Unfortunately, you are mixing quite a few things.
I have calculated the heat gains from controlled residential ventilation for you.
Here’s an estimate for windows:
The heat gain from unshaded windows can quickly be around 200W/m² of window area.
With a nice lift-and-slide door measuring 5x2m, that alone means 2000W from just this one window, which is 100 times as much as from controlled residential ventilation with heat recovery. ;-)
In principle, this exactly matches your feeling.
Insulation neither lets heat in nor out, controlled residential ventilation also neither lets heat in nor out.
Windows, however, do let heat in well, if they are not shaded. So here by radiation and not by convection.
But from your statements, I assume you don’t have external blinds (Raffstores)?
We have roller shutters; we just hadn’t expected such a high heat buildup (as you just calculated) from the pure solar radiation through the windows in the first spring in the new house. We naively assumed that since the windows are heat-insulated, the house would neither let heat in nor out. We eventually understood how important shading is, but those first nice days in May caused a lot of heat inside the house.
As you already said, the house neither lets heat in nor out. So we had to actively cool and since then have paid better attention to shading. However, we still notice that the house continues to warm up in summer; we cool regularly. But we also don’t sit in a bunker; closing all the roller shutters makes the house very dark and dull. So we take a reasonable middle ground between darkening and cooling.
If I were to build again and had the money, I would probably invest in smart home and automatically controlled shading. This was not at all clear to me when building the first time, how important it is.

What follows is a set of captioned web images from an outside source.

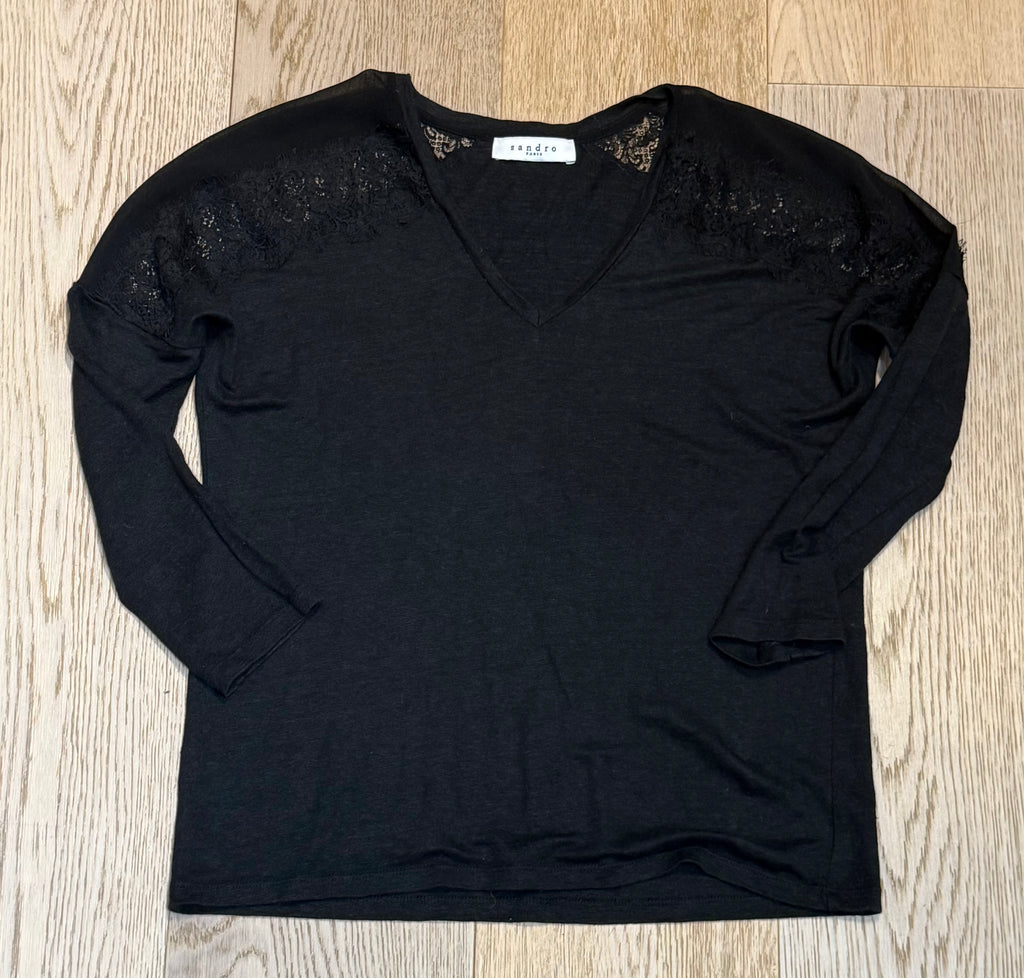 ✨ Sandro - Top en lin noir - longues manches T36 ✨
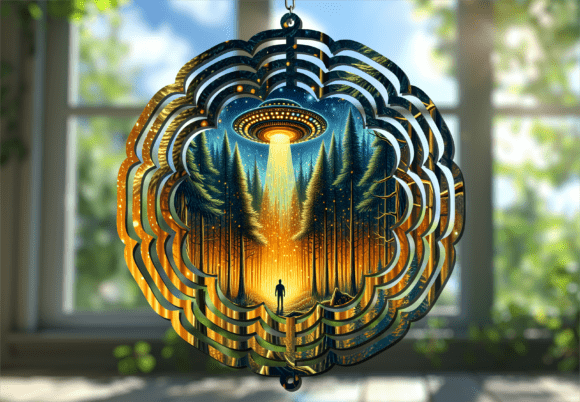 UFO Forest Alien Beam Wind Spinner: A Modern Design Asset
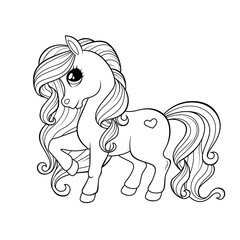 Cute little pony. Black and white illustration for coloring book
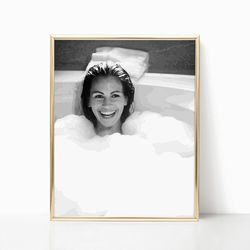 Julia Roberts Pretty Woman Bathtub Movie Poster Black & White Retro Vintage Photography Classic Film Wall Art Fashion Ca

Would you keep the controlled residential ventilation running normally in summer? We don’t have a summer bypass, so it runs with heat recovery. If it’s 32°C outside, 24°C inside (due to the air conditioning), and I then run the controlled residential ventilation, it will get warmer inside again, right? The air cooled by the AC is transported outside, and the 32°C from outside comes inside? Then I have to expend energy again to cool it down. Or am I thinking about this wrong?